Maybe because sexual play was one arena where I could express a male identity long before I stuck any testosterone in my butt, I am conscious of sex play as a potential area where something other than the day-to-day persona can come out. So I ask all of my sex partners if they want to do a little gender play. You never know when a butch gay man is hiding a cute little Red Riding Hood character, or a girl in a black evening gown has a secret desire to be a sailor who gets gang-banged. To me, this is hot. I feel so honored and trusted. Sometimes I wind up in tearful conversations about long-repressed needs or fears about gender rather than having tons of gender-fucking sex. But in the long run, it builds a closer relationship because we come to know each other on a deeper level.

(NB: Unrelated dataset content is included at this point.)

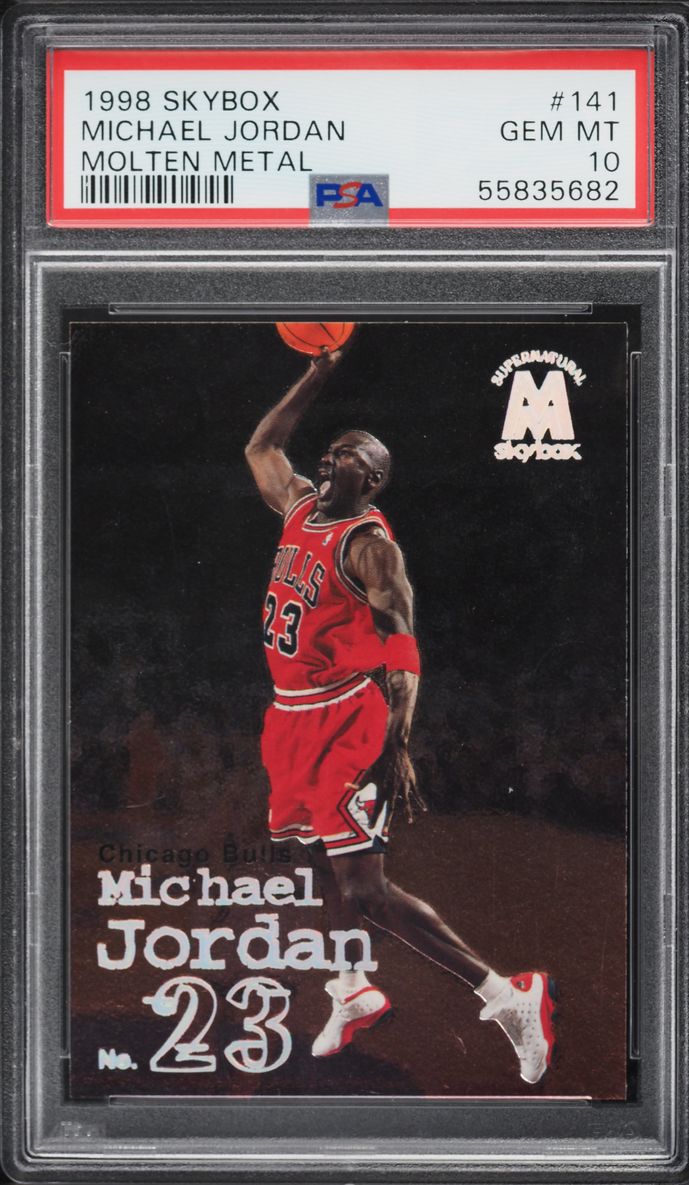 1998 Skybox Molten Metal Michael Jordan #141 PSA 10 GEM MINT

Who knows, however, if your ex was ready for such a conversation? You could have met with rejection or anger if you had brought up the possibility of enacting a daddy/boy fantasy, for example. Not all of my overtures get positive results. Some of my partners have been quite upset (“Do you think I’m effeminate?” says the butch gay bottom, revealing a fear that we can utilize during a session) or disappointed (“I don’t want to be with a man who is more interested in boys than he is interested in me” says the woman who spent an hour and a half getting ready for our date).

And maybe that just isn’t your cup of tea, so you wouldn’t have wanted to do that, anyway. Not everybody is willing to switch to different gender modes. If you are, for example, a straight man who prefers only female partners, a question like that could ruin the evening rather than open up new, exciting play opportunities. Would you have loved “her” if you knew “she” was really a he? Maybe not. You have a right to your own sexual orientation. Loving or desiring women is not the same thing as hating gay men. Being heterosexual is not necessarily homophobic.

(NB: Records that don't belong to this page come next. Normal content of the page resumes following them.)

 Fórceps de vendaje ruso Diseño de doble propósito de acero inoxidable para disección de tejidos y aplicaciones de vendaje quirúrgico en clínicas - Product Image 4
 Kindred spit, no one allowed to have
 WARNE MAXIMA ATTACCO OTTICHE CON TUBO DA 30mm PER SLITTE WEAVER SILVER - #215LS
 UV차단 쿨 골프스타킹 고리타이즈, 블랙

            I hope you and your ex can reach a better understanding so you no longer feel the awful burden of being the target of another person’s blame and anger. I’m sure it was hard for him to figure all of this out and decide to take testosterone. And I’m sure that his memories of the time he spent in a femme role are not easy to process. That’s not your fault, and there is no reason to take that out on you. But as a transman who has completed the process and gotten to a good place in your life, you can afford to be generous with someone who is early in transition, and reassure him that you don’t intend to embarrass or invalidate him now. You are a discreet person, and you are not looking to devalue or discredit his identity by bringing up the past. The important thing is for him to feel strong in his own male identity, and you can’t do that for him, but you could be a supportive friend—if he will let you.